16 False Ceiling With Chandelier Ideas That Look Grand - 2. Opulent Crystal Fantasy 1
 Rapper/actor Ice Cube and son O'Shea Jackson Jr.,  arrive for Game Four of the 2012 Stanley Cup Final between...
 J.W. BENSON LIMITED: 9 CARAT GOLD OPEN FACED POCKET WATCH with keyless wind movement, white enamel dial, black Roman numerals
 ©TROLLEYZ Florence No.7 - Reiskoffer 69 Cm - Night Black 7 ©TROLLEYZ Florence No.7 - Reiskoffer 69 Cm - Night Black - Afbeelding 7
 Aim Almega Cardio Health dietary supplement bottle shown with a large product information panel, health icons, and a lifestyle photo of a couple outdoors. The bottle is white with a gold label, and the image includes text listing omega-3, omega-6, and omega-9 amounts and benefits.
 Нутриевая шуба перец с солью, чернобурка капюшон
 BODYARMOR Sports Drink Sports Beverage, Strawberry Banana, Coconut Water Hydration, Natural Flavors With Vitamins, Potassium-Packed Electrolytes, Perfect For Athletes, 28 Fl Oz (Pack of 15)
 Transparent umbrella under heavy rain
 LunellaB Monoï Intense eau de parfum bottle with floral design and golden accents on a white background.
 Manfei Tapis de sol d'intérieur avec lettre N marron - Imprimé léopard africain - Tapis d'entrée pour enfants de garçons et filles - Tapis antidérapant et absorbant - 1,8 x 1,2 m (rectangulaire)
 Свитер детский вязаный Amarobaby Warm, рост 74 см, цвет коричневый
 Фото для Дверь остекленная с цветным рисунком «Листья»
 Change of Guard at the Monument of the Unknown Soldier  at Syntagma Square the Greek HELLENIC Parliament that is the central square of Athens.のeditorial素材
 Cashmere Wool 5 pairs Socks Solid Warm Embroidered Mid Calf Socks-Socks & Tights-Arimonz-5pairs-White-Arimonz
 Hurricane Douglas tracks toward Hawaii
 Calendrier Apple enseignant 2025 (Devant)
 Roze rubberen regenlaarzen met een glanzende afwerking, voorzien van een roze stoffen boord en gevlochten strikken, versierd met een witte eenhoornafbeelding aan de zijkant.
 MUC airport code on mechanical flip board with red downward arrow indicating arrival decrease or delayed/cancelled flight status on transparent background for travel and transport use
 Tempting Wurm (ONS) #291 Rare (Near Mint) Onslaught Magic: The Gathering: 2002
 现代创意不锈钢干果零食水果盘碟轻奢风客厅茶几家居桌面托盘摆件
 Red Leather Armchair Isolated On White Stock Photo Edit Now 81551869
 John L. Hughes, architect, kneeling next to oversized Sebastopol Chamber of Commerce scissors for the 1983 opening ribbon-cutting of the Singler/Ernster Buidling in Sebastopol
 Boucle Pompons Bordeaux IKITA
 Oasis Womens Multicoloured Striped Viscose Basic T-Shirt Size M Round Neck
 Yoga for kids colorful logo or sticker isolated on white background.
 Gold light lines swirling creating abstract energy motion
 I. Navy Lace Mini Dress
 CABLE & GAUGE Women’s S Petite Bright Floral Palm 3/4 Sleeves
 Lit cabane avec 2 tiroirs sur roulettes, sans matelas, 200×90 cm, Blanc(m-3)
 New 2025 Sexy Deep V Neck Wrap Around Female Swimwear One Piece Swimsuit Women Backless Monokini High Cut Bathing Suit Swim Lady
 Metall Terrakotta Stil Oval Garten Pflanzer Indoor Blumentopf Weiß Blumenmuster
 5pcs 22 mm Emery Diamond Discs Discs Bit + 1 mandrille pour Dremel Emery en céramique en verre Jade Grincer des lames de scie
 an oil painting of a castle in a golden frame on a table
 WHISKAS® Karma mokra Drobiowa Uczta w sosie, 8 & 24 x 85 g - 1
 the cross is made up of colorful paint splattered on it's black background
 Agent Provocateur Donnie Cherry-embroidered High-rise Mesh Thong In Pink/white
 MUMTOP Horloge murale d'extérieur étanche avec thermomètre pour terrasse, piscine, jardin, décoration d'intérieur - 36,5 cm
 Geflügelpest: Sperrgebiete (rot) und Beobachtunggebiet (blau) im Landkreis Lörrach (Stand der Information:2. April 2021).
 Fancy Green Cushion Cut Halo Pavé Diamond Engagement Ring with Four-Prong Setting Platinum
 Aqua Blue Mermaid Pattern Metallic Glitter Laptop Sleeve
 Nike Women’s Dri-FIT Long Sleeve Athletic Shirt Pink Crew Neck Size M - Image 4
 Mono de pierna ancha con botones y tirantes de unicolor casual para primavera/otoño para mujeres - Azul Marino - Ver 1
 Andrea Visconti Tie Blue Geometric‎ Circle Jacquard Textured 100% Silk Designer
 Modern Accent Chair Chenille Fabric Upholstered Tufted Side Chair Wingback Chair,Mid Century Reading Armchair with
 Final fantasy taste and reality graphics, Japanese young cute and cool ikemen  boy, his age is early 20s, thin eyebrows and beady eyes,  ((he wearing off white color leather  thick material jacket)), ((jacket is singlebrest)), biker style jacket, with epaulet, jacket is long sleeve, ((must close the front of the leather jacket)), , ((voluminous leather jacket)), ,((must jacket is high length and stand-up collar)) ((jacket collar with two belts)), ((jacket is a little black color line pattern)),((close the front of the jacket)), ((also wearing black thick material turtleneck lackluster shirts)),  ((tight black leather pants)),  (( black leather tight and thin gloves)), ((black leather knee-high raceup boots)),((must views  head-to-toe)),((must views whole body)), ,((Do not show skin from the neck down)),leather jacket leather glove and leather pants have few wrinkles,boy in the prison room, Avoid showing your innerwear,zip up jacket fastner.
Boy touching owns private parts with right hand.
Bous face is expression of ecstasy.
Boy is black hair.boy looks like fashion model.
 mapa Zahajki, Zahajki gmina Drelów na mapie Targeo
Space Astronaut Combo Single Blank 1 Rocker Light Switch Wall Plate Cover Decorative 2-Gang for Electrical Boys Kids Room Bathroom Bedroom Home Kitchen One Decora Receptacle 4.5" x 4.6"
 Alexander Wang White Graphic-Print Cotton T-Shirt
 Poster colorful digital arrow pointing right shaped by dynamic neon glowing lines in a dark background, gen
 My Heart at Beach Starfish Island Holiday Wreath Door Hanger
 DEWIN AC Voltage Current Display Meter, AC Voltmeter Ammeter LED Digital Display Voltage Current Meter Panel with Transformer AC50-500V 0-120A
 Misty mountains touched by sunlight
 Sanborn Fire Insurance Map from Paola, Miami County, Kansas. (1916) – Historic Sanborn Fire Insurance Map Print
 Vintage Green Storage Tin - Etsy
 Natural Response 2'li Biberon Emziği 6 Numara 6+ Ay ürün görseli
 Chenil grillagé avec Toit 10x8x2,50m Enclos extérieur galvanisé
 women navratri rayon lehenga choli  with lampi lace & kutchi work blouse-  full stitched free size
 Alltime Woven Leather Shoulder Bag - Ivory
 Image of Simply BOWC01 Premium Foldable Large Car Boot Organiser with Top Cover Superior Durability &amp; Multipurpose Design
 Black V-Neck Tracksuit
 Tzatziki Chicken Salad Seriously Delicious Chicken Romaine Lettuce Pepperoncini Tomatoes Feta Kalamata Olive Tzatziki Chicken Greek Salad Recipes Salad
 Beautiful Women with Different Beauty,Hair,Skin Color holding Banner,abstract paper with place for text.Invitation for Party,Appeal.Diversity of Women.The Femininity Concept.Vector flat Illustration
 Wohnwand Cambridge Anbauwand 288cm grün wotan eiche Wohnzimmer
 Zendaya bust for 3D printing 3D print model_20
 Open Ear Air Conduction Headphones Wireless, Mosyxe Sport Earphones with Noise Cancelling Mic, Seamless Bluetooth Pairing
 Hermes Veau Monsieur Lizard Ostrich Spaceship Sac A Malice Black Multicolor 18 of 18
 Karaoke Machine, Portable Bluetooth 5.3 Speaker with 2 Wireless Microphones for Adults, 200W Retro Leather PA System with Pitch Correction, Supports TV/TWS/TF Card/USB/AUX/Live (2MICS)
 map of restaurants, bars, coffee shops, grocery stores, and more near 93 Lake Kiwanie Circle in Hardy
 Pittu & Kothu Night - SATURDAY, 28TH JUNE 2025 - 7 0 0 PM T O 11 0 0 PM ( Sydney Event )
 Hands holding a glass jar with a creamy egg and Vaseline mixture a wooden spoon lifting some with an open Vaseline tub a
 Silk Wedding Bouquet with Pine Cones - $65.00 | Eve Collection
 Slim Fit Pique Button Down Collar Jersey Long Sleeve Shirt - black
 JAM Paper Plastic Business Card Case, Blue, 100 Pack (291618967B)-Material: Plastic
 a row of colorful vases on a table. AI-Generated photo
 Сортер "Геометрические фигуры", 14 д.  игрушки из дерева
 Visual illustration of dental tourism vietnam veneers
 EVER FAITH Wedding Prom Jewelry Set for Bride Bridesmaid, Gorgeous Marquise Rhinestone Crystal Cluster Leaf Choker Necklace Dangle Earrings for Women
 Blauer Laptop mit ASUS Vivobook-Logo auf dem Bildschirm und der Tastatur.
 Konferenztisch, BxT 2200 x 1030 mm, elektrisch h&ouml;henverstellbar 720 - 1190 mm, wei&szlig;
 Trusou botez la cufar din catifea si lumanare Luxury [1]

--------------------------------

## TO DO
In the records above, find every line containing the word "Green" and show it.

## EXERCISE ANSWER
 Fancy Green Cushion Cut Halo Pavé Diamond Engagement Ring with Four-Prong Setting Platinum
 Vintage Green Storage Tin - Etsy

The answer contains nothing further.